%%

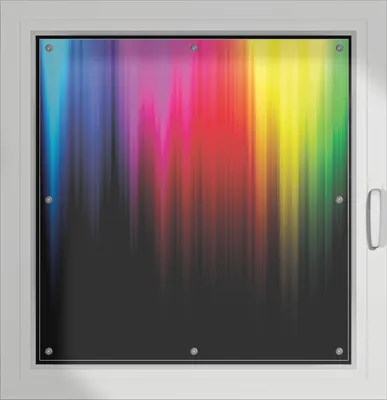 Produktbild von Wallario Lichtschutzbild, Dekorativer Sichtschutz Sonnenschutz 96 x 100 cm mit Motiv: Bunte Regenbogenstreifen auf Schwarz - Verdunklung ohne Bohren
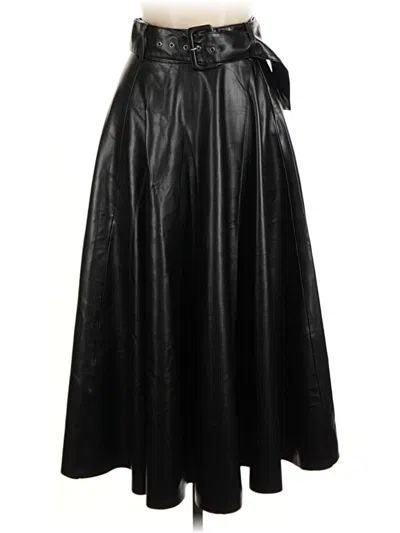Pre-owned Zara Faux Leather Skirt In Black
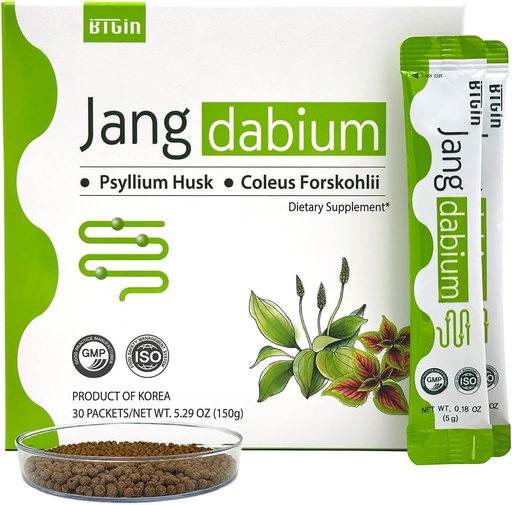 [BRSROCYTA4JQG234] Psyllium Husk Fiber,Coleus Forskohlii,Fish Collagen Supplement for Digestive Health, Weight Management Colon Cleanse, Jangdabium 30 Packets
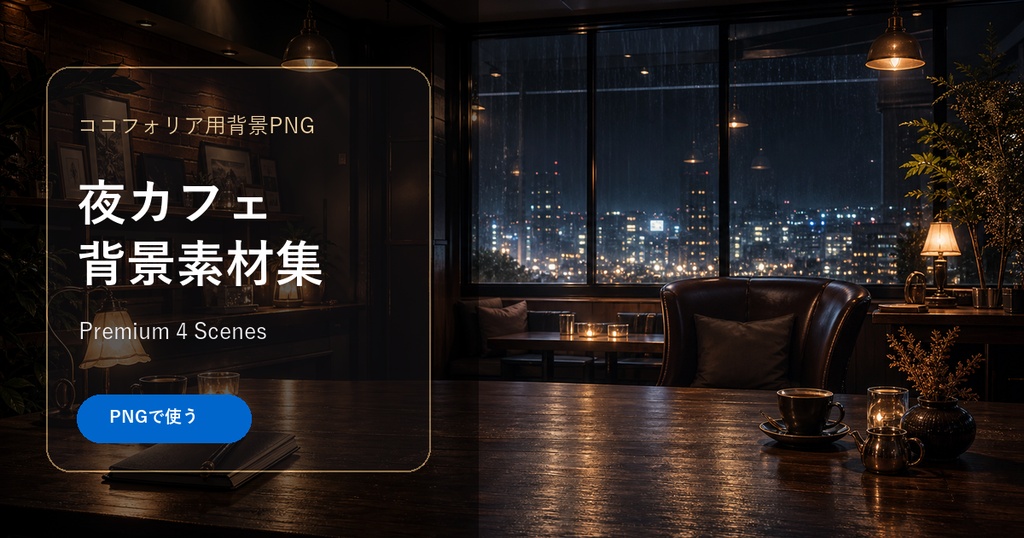 ココフォリア用 夜カフェ背景素材集 Premium 4 Scenes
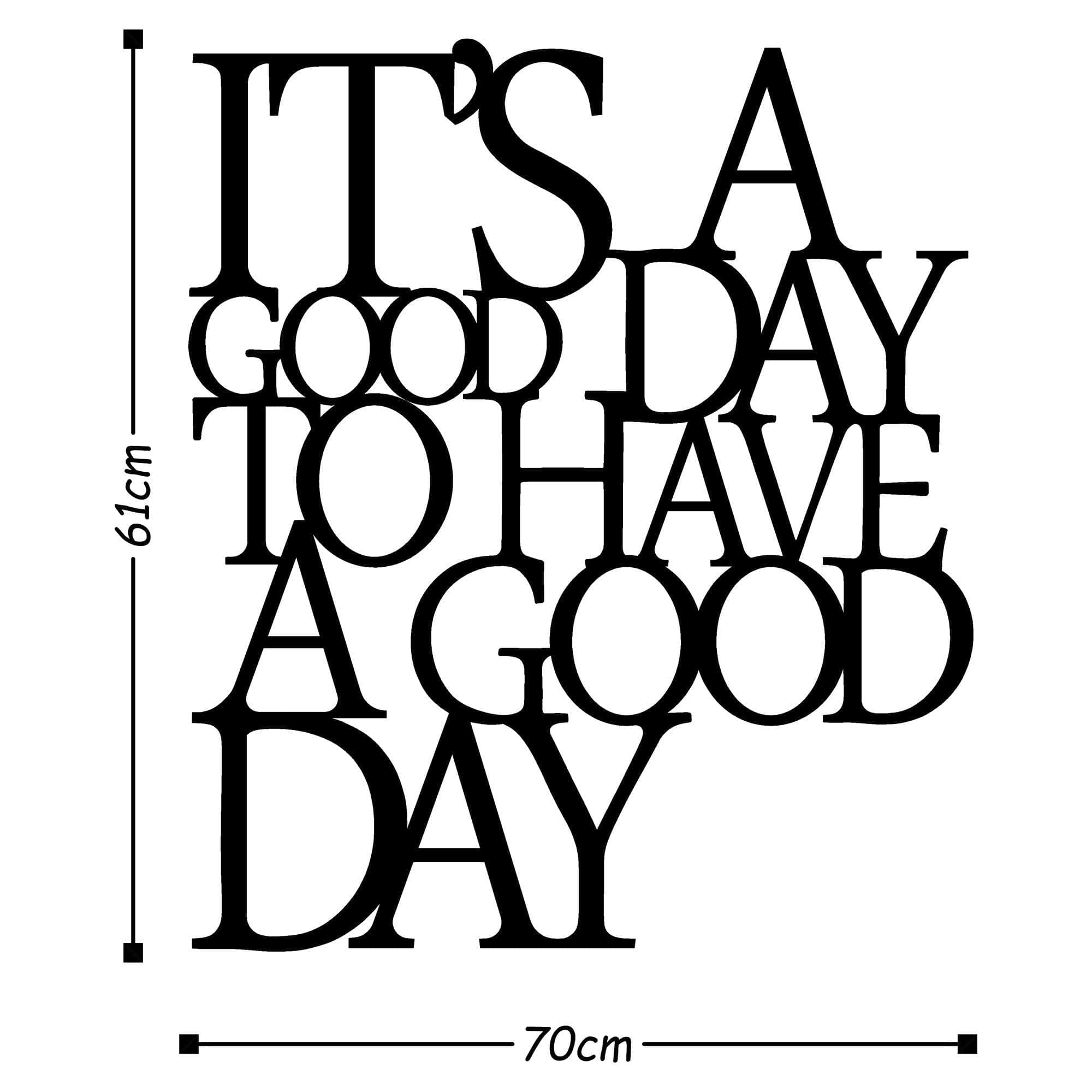 Decoratiune perete ITS A GOOD, negru, metal, 70x61 cm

%%

EXERCISE PROMPT -> Make an exact copy of every entry above, minus the images.

FINAL ANSWER ->
 Produktbild von Wallario Lichtschutzbild, Dekorativer Sichtschutz Sonnenschutz 96 x 100 cm mit Motiv: Bunte Regenbogenstreifen auf Schwarz - Verdunklung ohne Bohren
Pre-owned Zara Faux Leather Skirt In Black
 [BRSROCYTA4JQG234] Psyllium Husk Fiber,Coleus Forskohlii,Fish Collagen Supplement for Digestive Health, Weight Management Colon Cleanse, Jangdabium 30 Packets
 ココフォリア用 夜カフェ背景素材集 Premium 4 Scenes
 Decoratiune perete ITS A GOOD, negru, metal, 70x61 cm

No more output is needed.